◆ Directions for this task
Retype each line below precisely and omit all images.

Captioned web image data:
——

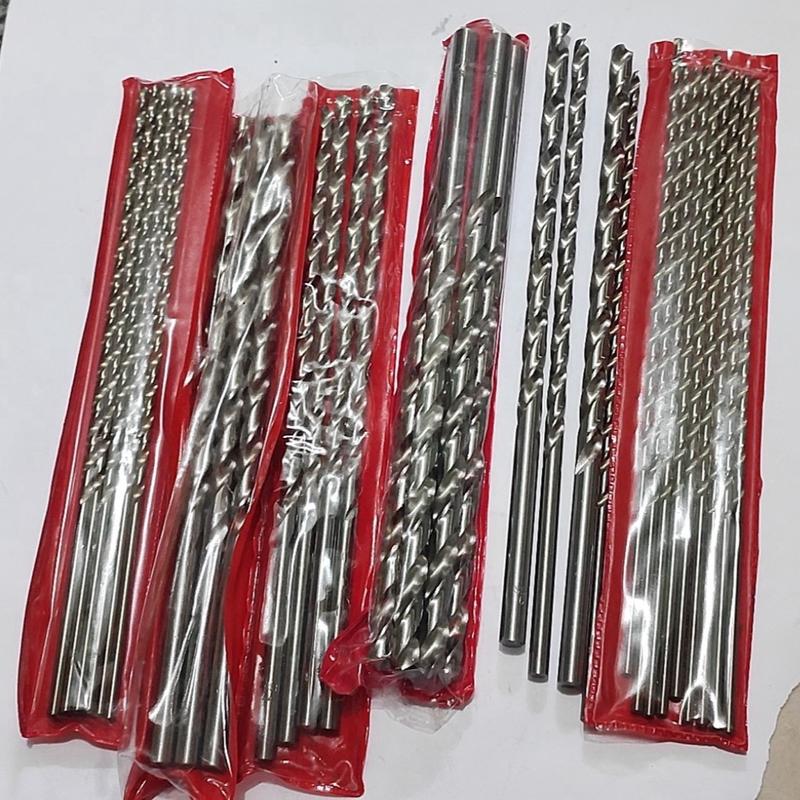 Mũi khoan HSS khoan gỗ, nhựa, kim loại mềm loại dài 250mm / khoan dài L250mm đường kính từ 2mm-10mm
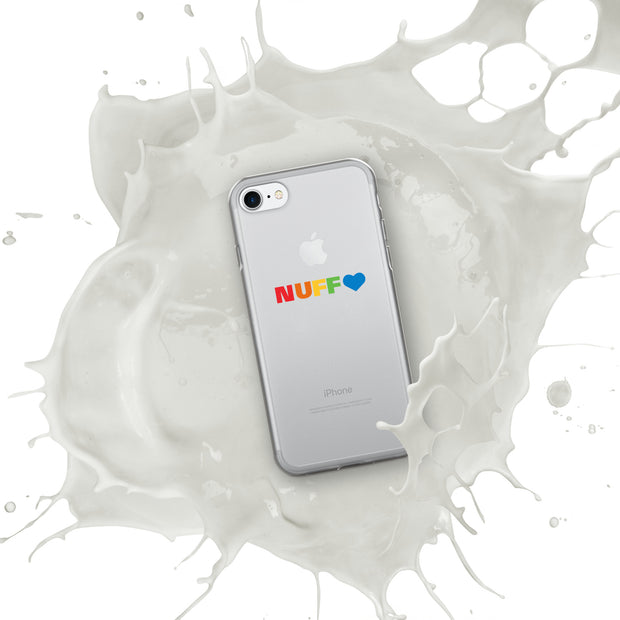 nuff iPhone Case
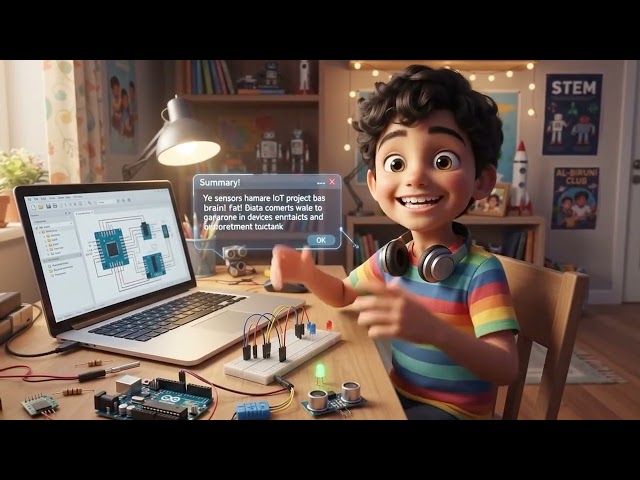 A Small Arduino, A Big Dream! 🤖🚀 | AI + IoT Story.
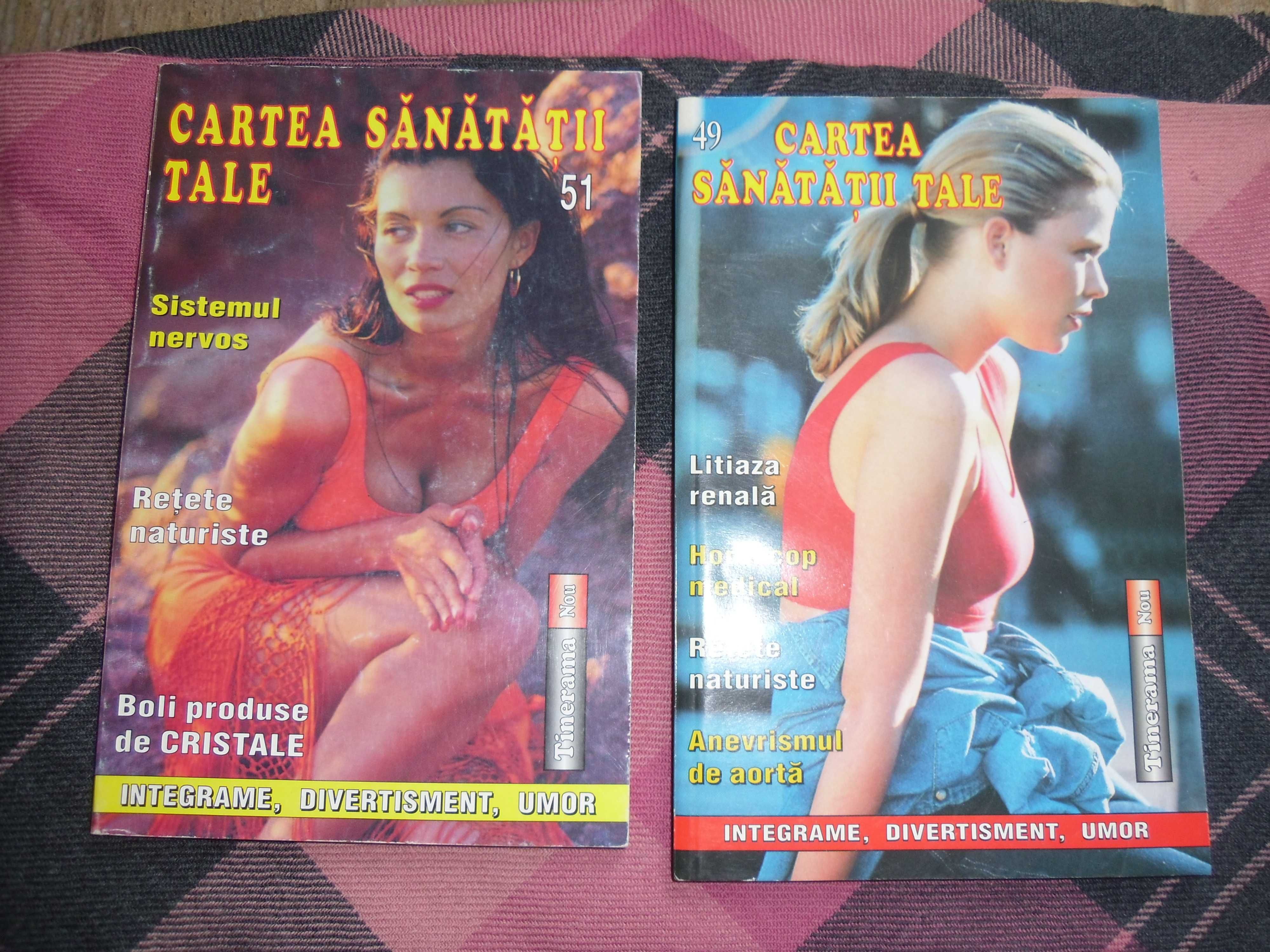 cartea sanatatii tale 2 vol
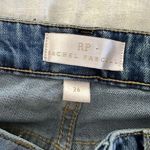 Rachel Parcell Women’s 26 High Rise Girlfriend Destroy Jeans Photo 3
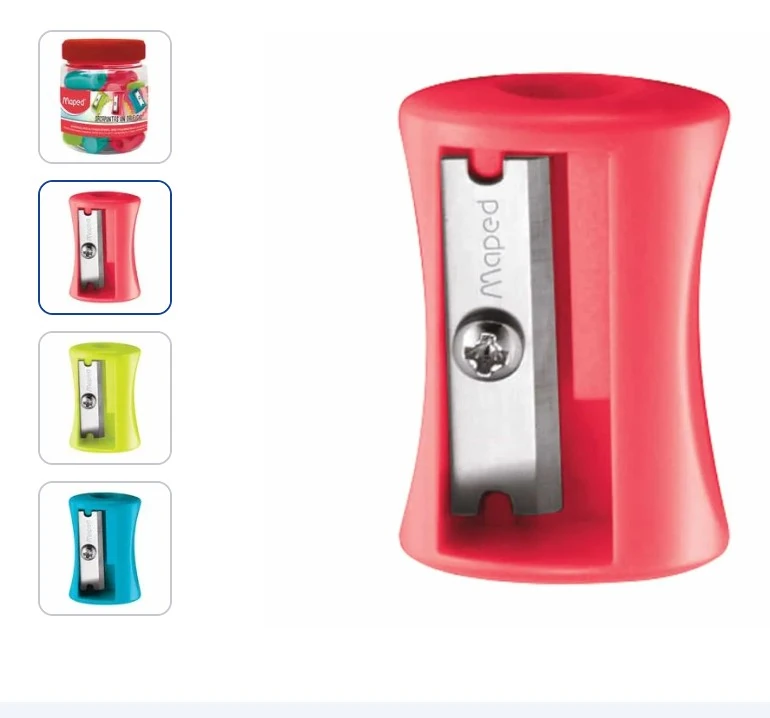 Apontador Maped Vivo 1fr Sort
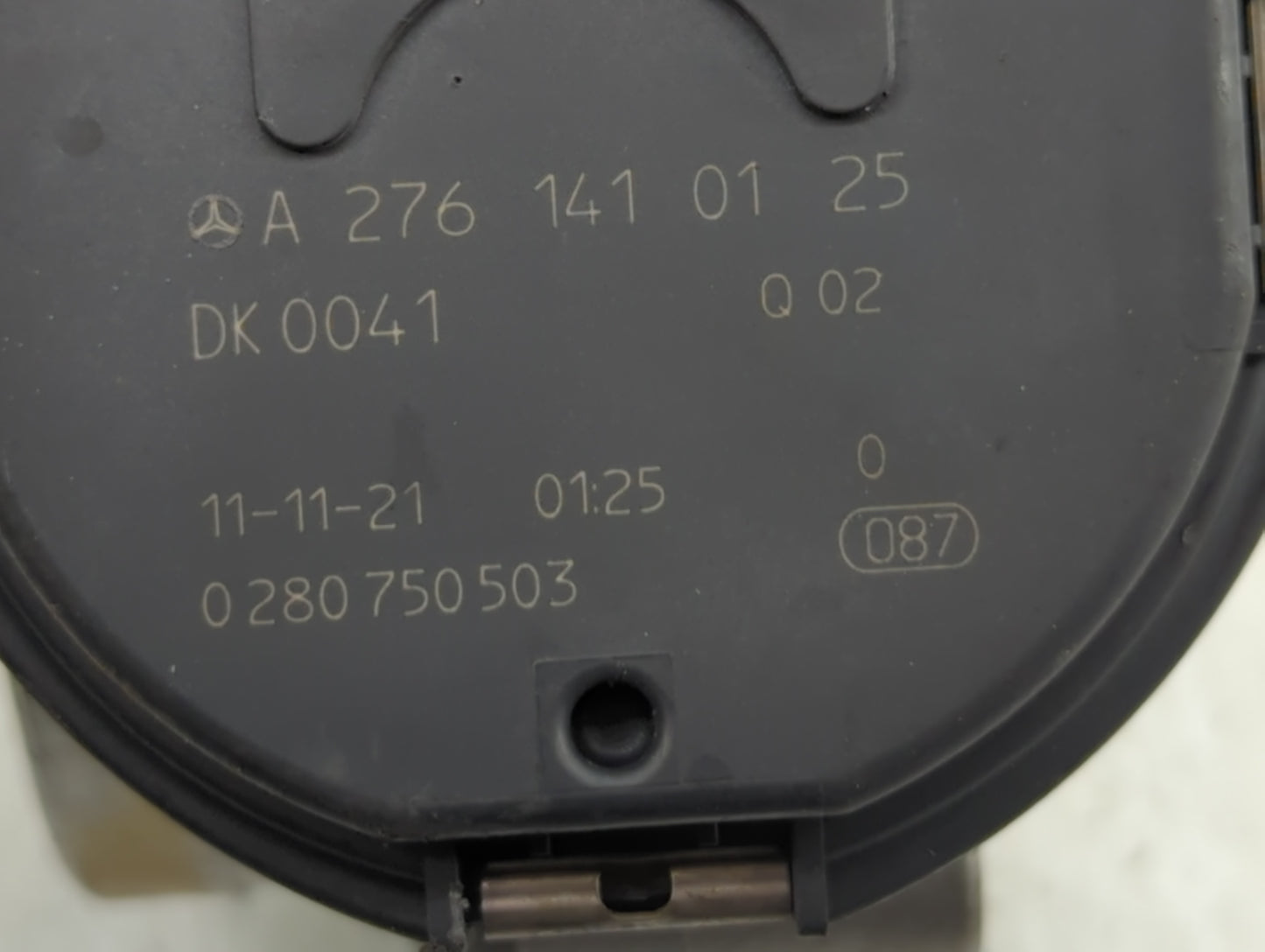 2012-2015 Mercedes-Benz Ml350 Throttle Body P/N:A 276 141 01 25 Fits Fits 2012 2013 2014 2015 2016 2017 2018 2019 2020 2021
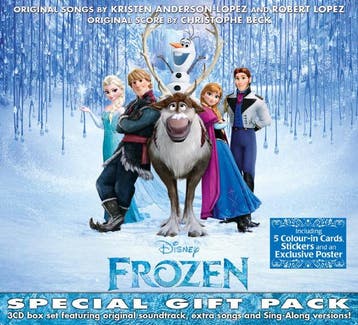 Kristen Anderson-Lopez, Robert Lopez &amp; Christophe Beck -, Ophalen of Verzenden, Gebruikt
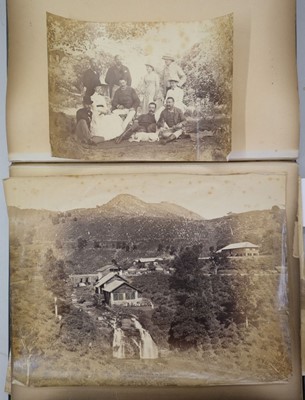 Lot 10 - Burma. An album of photographs of Burmese people and scenes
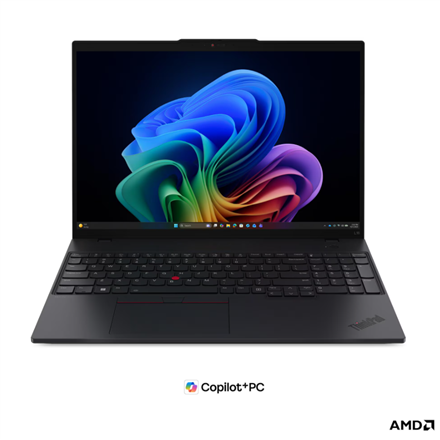 Lenovo ThinkPad L16 G3 AMD | Black | 16 " | IPS | WUXGA | 1920 x 1200 pixels | Anti-glare | AMD Ryzen AI 5 | 430 | 24 GB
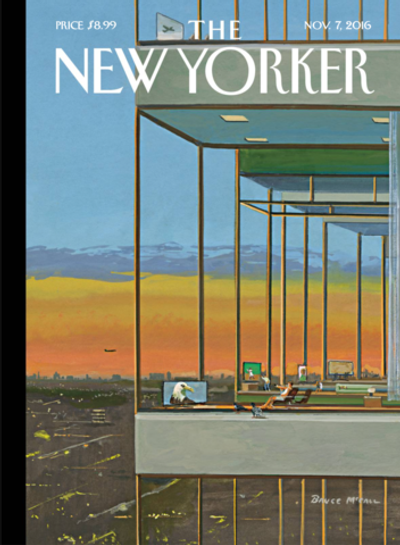 Журнал The New Yorker 07-11-2016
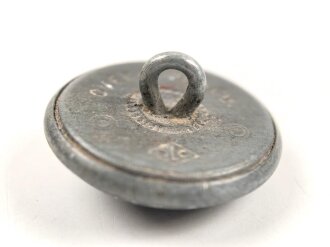 Kriegsmarine, Knopf 24mm für einen Mantel / Lederjacke der Küstenartillerie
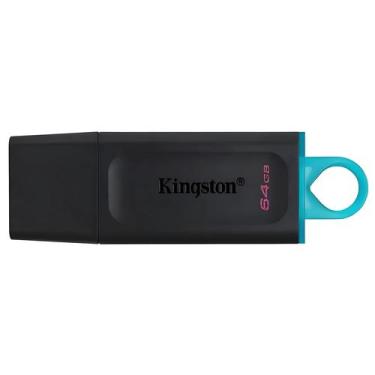 Imagem de Pen Drive Kingston DataTraveler DTX - 64GB, 128GB e 256GB - USB 3.0, 6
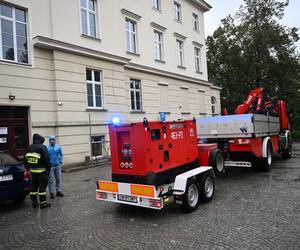 Kłodzko. Zalane centrum miasta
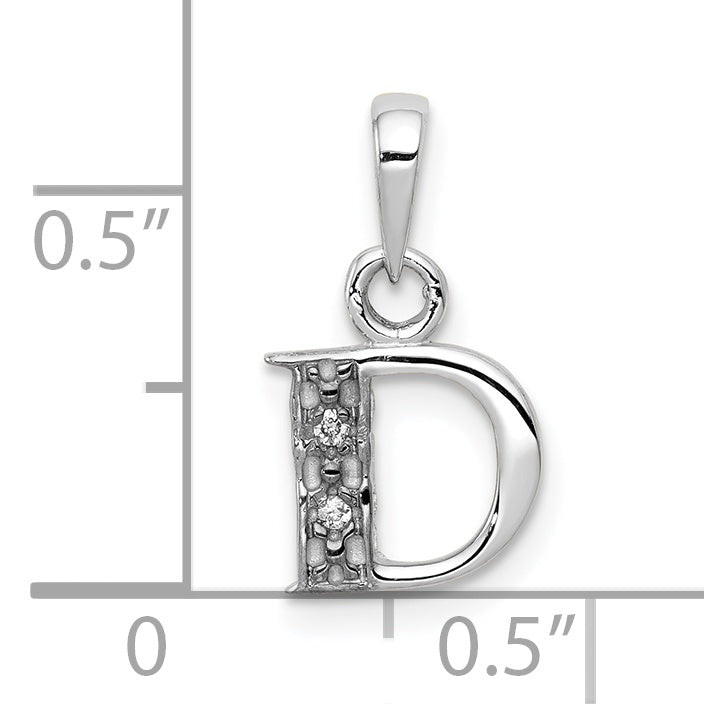 10KW Diamond Initial D Pendant Secondary image
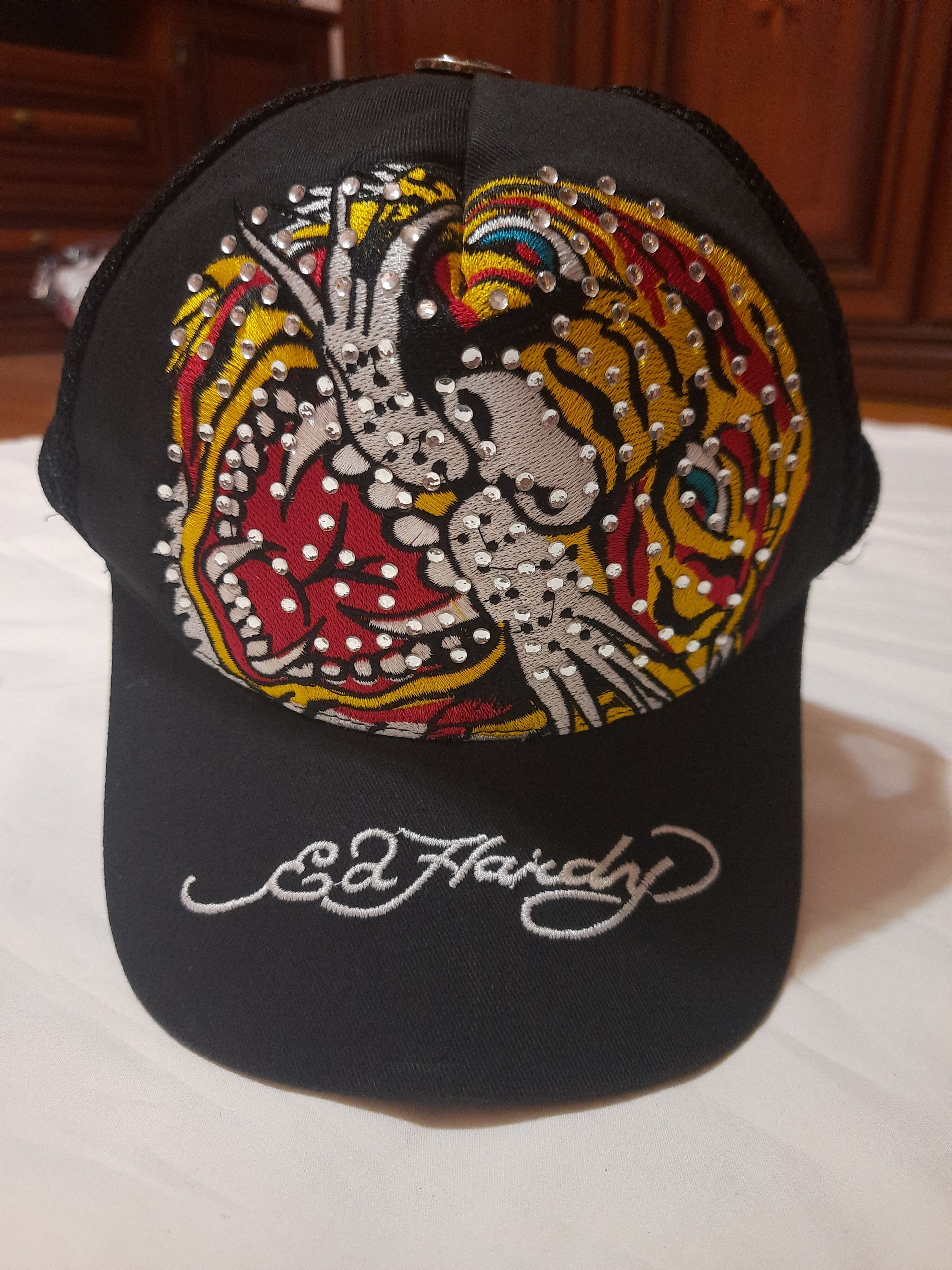 Christian Audigier Cap Christian Audigier Ed Hardy Tattoo Size ONE SIZE - 3 Thumbnail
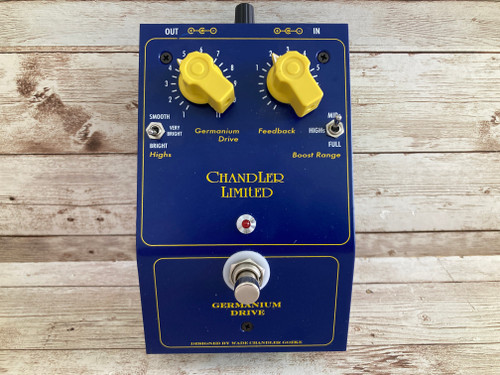 Used Chandler GERMANIUM DRIVE Fuzz Pedal 41112-S000097240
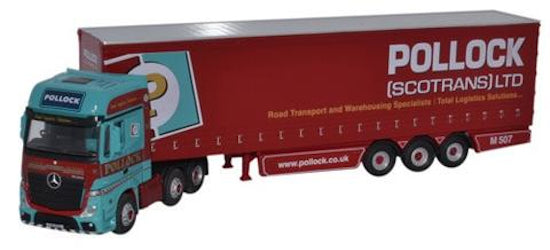 76MB002 Mercedes MP4 GSC Actros Pollock (Scotrans) Ltd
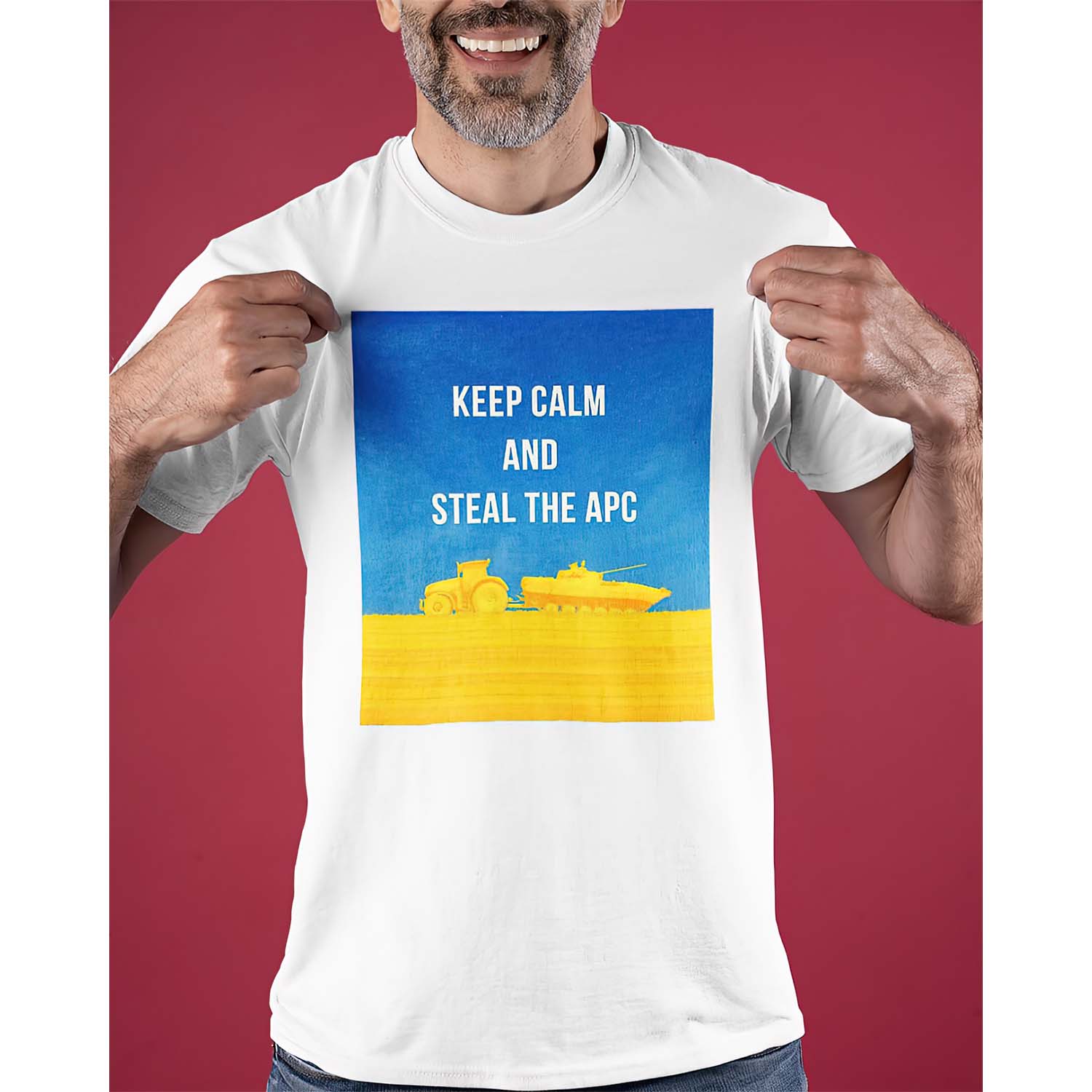 Keep Calm And Steal The Apc Shirt Keep Calm And Steal The Apc Shirt
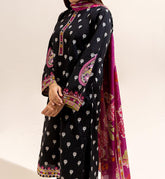 Khaddar 3pc Stitched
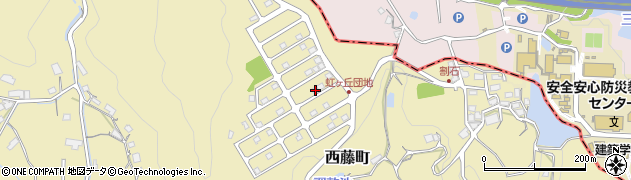 広島県尾道市西藤町3207周辺の地図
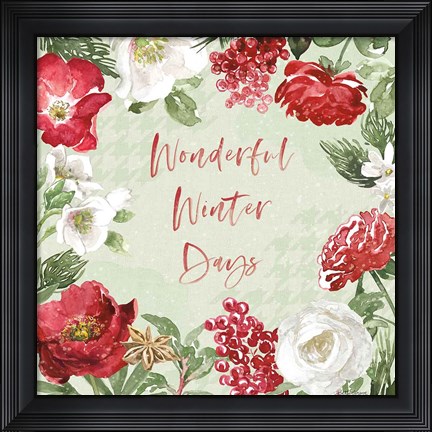 Framed Rustic Season II Print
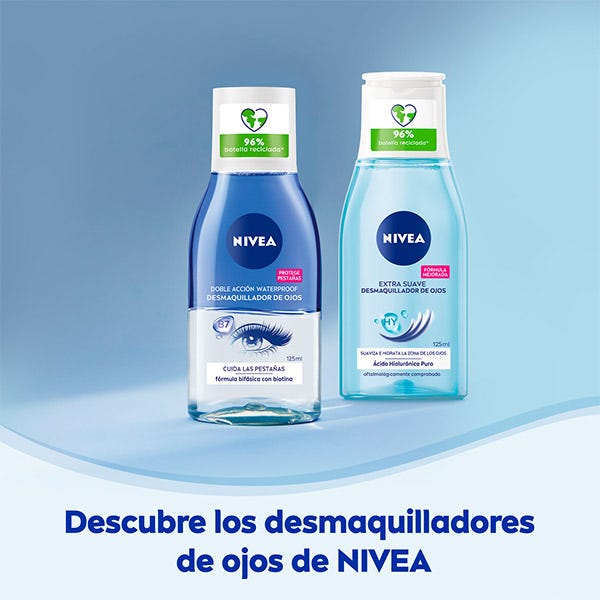 Desmaquillador De Ojos Doble Accion| 125ML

——

◆ Result below
 Mũi khoan HSS khoan gỗ, nhựa, kim loại mềm loại dài 250mm / khoan dài L250mm đường kính từ 2mm-10mm
 nuff iPhone Case
 A Small Arduino, A Big Dream! 🤖🚀 | AI + IoT Story.
 cartea sanatatii tale 2 vol
 Rachel Parcell Women’s 26 High Rise Girlfriend Destroy Jeans Photo 3
 Apontador Maped Vivo 1fr Sort
 2012-2015 Mercedes-Benz Ml350 Throttle Body P/N:A 276 141 01 25 Fits Fits 2012 2013 2014 2015 2016 2017 2018 2019 2020 2021
 Kristen Anderson-Lopez, Robert Lopez &amp; Christophe Beck -, Ophalen of Verzenden, Gebruikt
 Lot 10 - Burma. An album of photographs of Burmese people and scenes
 Lenovo ThinkPad L16 G3 AMD | Black | 16 " | IPS | WUXGA | 1920 x 1200 pixels | Anti-glare | AMD Ryzen AI 5 | 430 | 24 GB
 Журнал The New Yorker 07-11-2016
 Kriegsmarine, Knopf 24mm für einen Mantel / Lederjacke der Küstenartillerie
 Imagem de Pen Drive Kingston DataTraveler DTX - 64GB, 128GB e 256GB - USB 3.0, 6
 Kłodzko. Zalane centrum miasta
 10KW Diamond Initial D Pendant Secondary image
 Christian Audigier Cap Christian Audigier Ed Hardy Tattoo Size ONE SIZE - 3 Thumbnail
 Used Chandler GERMANIUM DRIVE Fuzz Pedal 41112-S000097240
 76MB002 Mercedes MP4 GSC Actros Pollock (Scotrans) Ltd
 Keep Calm And Steal The Apc Shirt Keep Calm And Steal The Apc Shirt
 Khaddar 3pc Stitched
 広島県尾道市西藤町3207周辺の地図
 Framed Rustic Season II Print
 Desmaquillador De Ojos Doble Accion| 125ML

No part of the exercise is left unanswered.